Friday, December 7, 2007

...and then he threw the book at them ~ 12/7/2007

“This self-same Government brings new meaning to fascism. In fashioning free-market, state-supported millennial capitalism, neoliberalism makes the corporate marketplace primary. It encourages consumption by redefining citizens as consumers and equating freedom with the choice to consume.

“The concepts of multiple democratic public spheres, civic space, citizenship, and democratic discourse disappear in the pedagogical practices ad spaces of millennial capitalism. In these deregulated corporate spaces a dismantling of the structures of public education welfare, housing, and affirmative action occurs. Corporate and (ad)venture capitalists define the new public morality. They know no shame. It is a racist Darwinian morality, celebrating the survival of the fittest.”
(Denzin, 2003: 231)

In this context motivation is the key component. Are governments and companies entering into regions of the world in conflict, out of purely altruistic reasons? Do they really think that modernization is the key to democratic evolution, to true and sustainable social justice? Not in Denzin’s opinion. More likely is the scenario that they are extending an ideological wing over these places in order to create new markets, new consumers, new worshipers at the altar of capitalism.

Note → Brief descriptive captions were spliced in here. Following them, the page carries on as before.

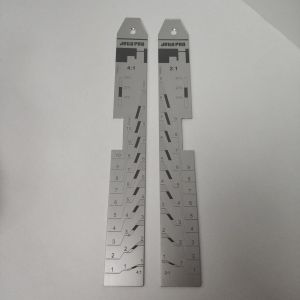 Линейка мерная JETA PRO шкала 2:1/4:1, алюминий 245*30мм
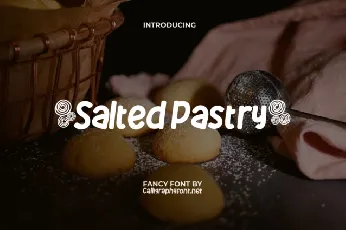 Salted Pastry font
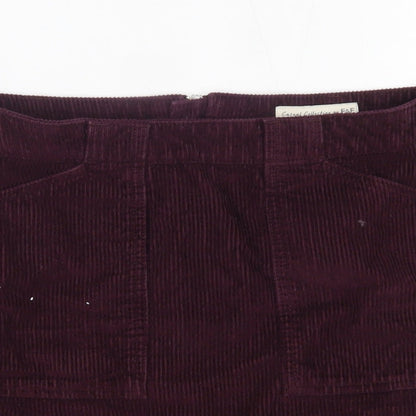 F&F Womens Red  Corduroy Straight & Pencil Skirt Size 6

At the learning center, five rooms located at the entrance of a housing project and run by the local government, a similar analysis can be used. When I go there to help the kids with their homework, I am so often correcting their English, telling them Shakespeare is important, that math is real, etc. All of the things we talk about are essentially euro-centric, post enlightenment. There is little discussion of anything related to their own history (cultural and literal); so am I, as a volunteer, not being employed to turn these kids in “Americans” in order for them to be able to assume an American identity?

Part of the reason I chose to play mancala with them, is precisely because it is a non-European one. It’s simple, can be played outside of a capitalist system (in the sense that anyone can dig holes and collect pebbles without spending money), and it is familiar to them, thus part of their culture (as chess would be to mine). The reaction of the kids was telling. All of them knew how to play it, all of them were focused on it, and all of them had fun.

Will I have the same to say about soccer? I think it might get a bit more complicated because of the colonial legacy associated with the game. But, on another level, the game can be played outside of the system (one always hears about kids playing with rag balls) or at least with only a minimum contribution (say $5 for a ball). As the paternal character in Goal! said to the young latino protégé: “Look at this. Two jackets for a goal and a ball. That’s all you need.”